A bucket conveyor 123 rotates through the sump portion 111 of the developer station 27 and scoops up quantities of developer material 113 for delivery to the magnetic brush unit 125. The magnetic brush unit includes a conductive, nonmagnetic, rotatable, cylindrical member 127 having located therein a magnetic field producing means 129. Since the core material of the carrier particles consists of a ferromagnetic material the carrier particles are caused to be magnetically attracted to the surface of the cylindrical member 127 and held thereon by magnetic forces produced by the magnetic field producing means 129. The cylindrical member 127 rotates in the direction of arrow 131 under a doctor blade 133 which governs the amount of developer material located on the surface of the cylindrical member 127 as it rotates to a position adjacent the electrostatic plate 11. As described in the aforereferenced copending application of Allison H. Caudill, the magnetic field producing means 129 creates a normal magnetic field at approximately the 9 o'clock position of the cylindrical member 127 causing the magnetic carrier particles in the developer material 113 to form in bristle-like arrays emanating from the surface of the cylindrical member 127.
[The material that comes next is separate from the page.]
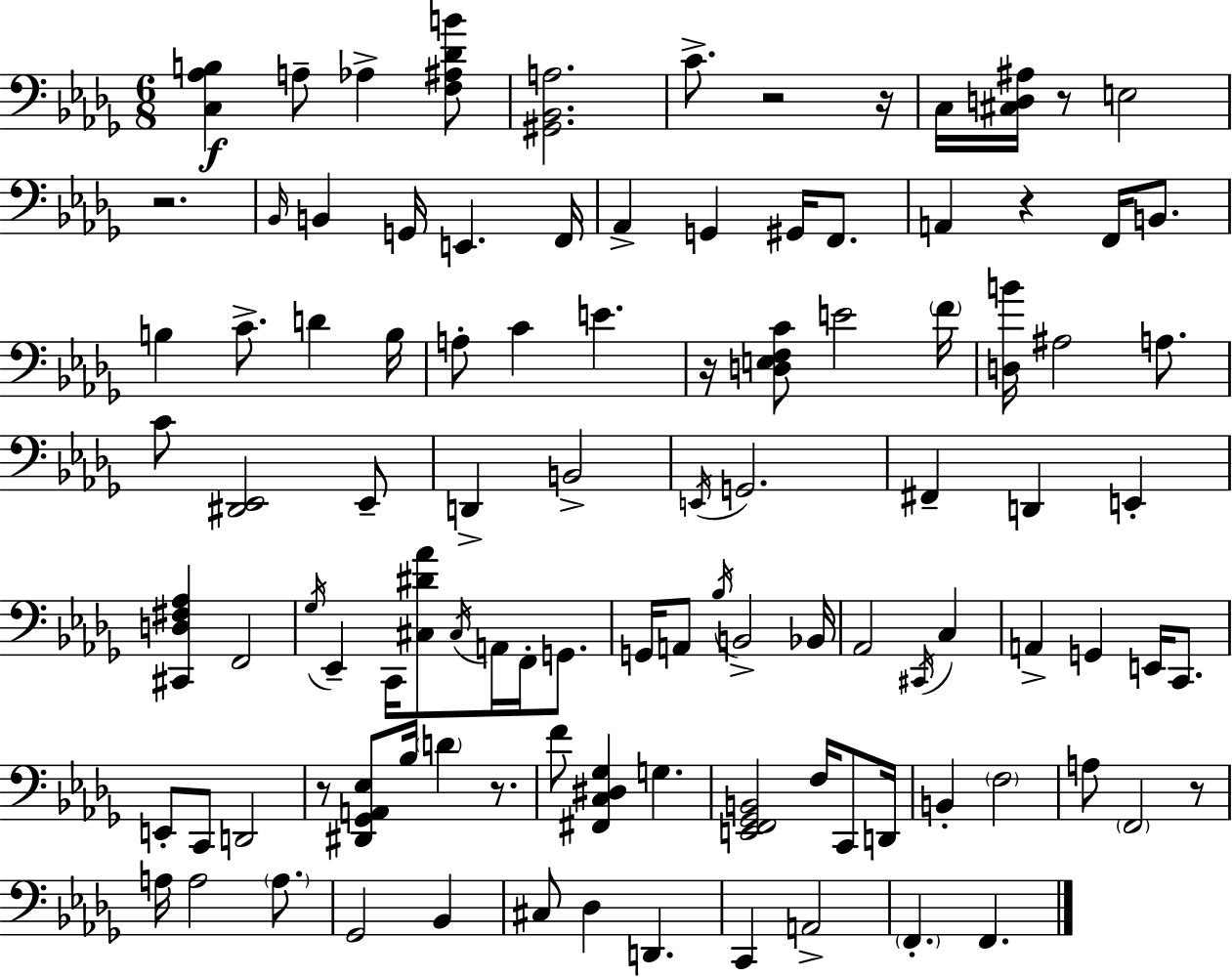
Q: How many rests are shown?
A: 9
The small toner particles of the developer material 113 are held onto the surface of the relatively large carrier particles by electrostatic forces, which develop from the contact between the toner and the outer surface of the carrier particles which produces triboelectric charging of the toner and carrier material to opposite polarities. A potential source (not shown) is connected to the cylindrical member 127 thereby biasing the cylindrical member to a fixed potential. As the magnetically formed bristles of carrier material containing toner triboelectrically attracted thereto rotate past and in contact with the electrostatic plate 11, the triboelectrically charged toner particles are attracted to the electrostatic latent image on the plate 11 and adhere thereto. The potential on the cylindrical member correctly orients the electrical field in which the charged toner particles move to produce a uniformly developed image on the surface of the plate 11. The electrostatic plate 11 containing a toned or developed image continues its rotational movement past the developer station 27 and continues to the transfer station 31. The carrier particles and the unspent toner particles attracted thereto are retained on the surface of the cylindrical member 127 until it reaches its approximate 6 o'clock position whereupon they are released into the sump portion 111 for subsequent mixing and reuse.
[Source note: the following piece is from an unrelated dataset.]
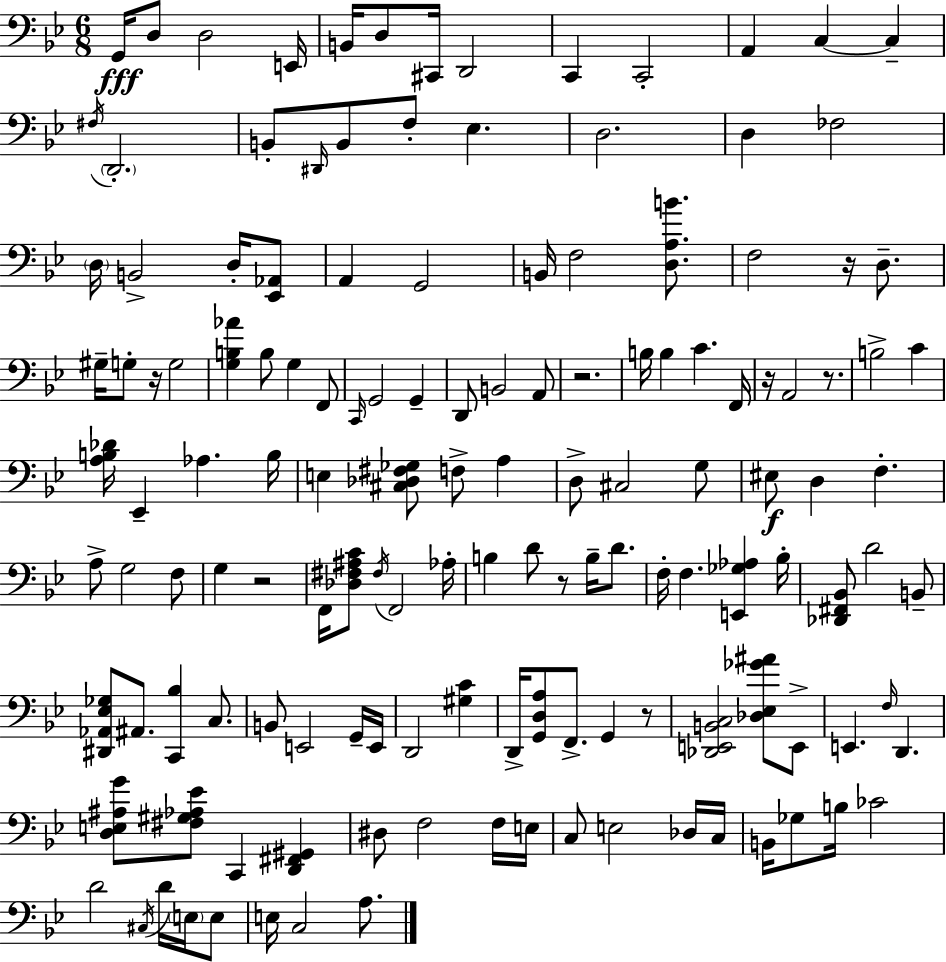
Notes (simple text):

G2/s D3/e D3/h E2/s B2/s D3/e C#2/s D2/h C2/q C2/h A2/q C3/q C3/q F#3/s D2/h. B2/e D#2/s B2/e F3/e Eb3/q. D3/h. D3/q FES3/h D3/s B2/h D3/s [Eb2,Ab2]/e A2/q G2/h B2/s F3/h [D3,A3,B4]/e. F3/h R/s D3/e. G#3/s G3/e R/s G3/h [G3,B3,Ab4]/q B3/e G3/q F2/e C2/s G2/h G2/q D2/e B2/h A2/e R/h. B3/s B3/q C4/q. F2/s R/s A2/h R/e. B3/h C4/q [A3,B3,Db4]/s Eb2/q Ab3/q. B3/s E3/q [C#3,Db3,F#3,Gb3]/e F3/e A3/q D3/e C#3/h G3/e EIS3/e D3/q F3/q. A3/e G3/h F3/e G3/q R/h F2/s [Db3,F#3,A#3,C4]/e F#3/s F2/h Ab3/s B3/q D4/e R/e B3/s D4/e. F3/s F3/q. [E2,Gb3,Ab3]/q Bb3/s [Db2,F#2,Bb2]/e D4/h B2/e [D#2,Ab2,Eb3,Gb3]/e A#2/e. [C2,Bb3]/q C3/e. B2/e E2/h G2/s E2/s D2/h [G#3,C4]/q D2/s [G2,D3,A3]/e F2/e. G2/q R/e [Db2,E2,B2,C3]/h [Db3,Eb3,Gb4,A#4]/e E2/e E2/q. F3/s D2/q. [D3,E3,A#3,G4]/e [F#3,G#3,Ab3,Eb4]/e C2/q [D2,F#2,G#2]/q D#3/e F3/h F3/s E3/s C3/e E3/h Db3/s C3/s B2/s Gb3/e B3/s CES4/h D4/h C#3/s D4/s E3/s E3/e E3/s C3/h A3/e.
As the developed image on the electrostatic plate 11 moves from the developer station 27 toward the transfer station 31, a substrate surface such as paper is fed from the hopper 141 by the picker roll 143 which is actuated in timed relation to the rotational movement of the electrostatic plate 11.
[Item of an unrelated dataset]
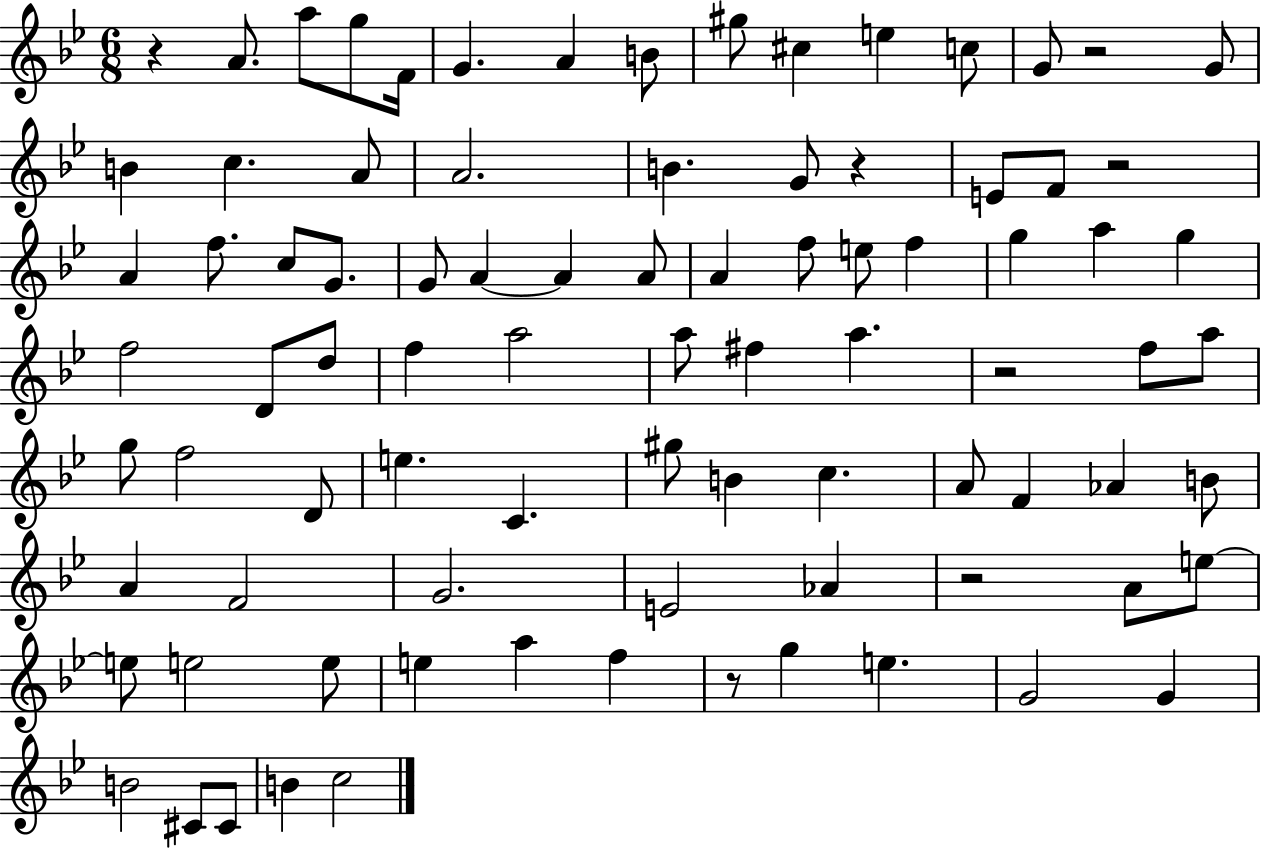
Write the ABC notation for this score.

The substrate surface 29 is fed over a feed path to the transfer roller 145. The transfer roller comprises a conductive core 147 and a dielectric outer layer 149. The conductive roll is biased so that the positively charged toner particles will separate from the electrostatic plate 11 and transfer to the support substrate 29. That is, an electric field is created between the grounded conductive backing member of the electrostatic plate 11 and the biased core 147 through the photoconductive surface of the electrostatic plate 11 and the insulating material 149 of the transfer roller 145. The toner particles move within this field to the support substrate 29 located between the electrostatic plate 11 and the transfer roller 145. Thereafter, the support substrate is removed from the surface of the electrostatic plate 11 by the pickoff means 151. The pickoff means 151 can comprise any of the well-known pickoff devices utilized in the duplicator art such as timed air puffs, stationary guide members, or movable guide members. The thusly separated substrate surface 29 containing a toned image is thereafter transported to a fuser station (not shown) where the toner is fused to the substrate in a well-known manner.
The description immediately preceding has related to the operation of each of the processing stations located about the rotating electrostatic plate 11. As described heretofore, various ones of these stations are sequentially actuated in accordance with the positional rotational relationship of the electrostatic plate 11 with respect to the fixed sensing device 13. The sequential actuation of the various stations facilitates alternate imaging and redevelopment cycles. By utilizing such alternate imaging and redevelopment cycles, the throughput speed of the reproduction apparatus is increased since there is no longer a requisite delay time occasioned by the moving optical projection system 33 which must reset to an initial condition. Further, by limiting the number of redevelopment cycles, high quality output images are maintained.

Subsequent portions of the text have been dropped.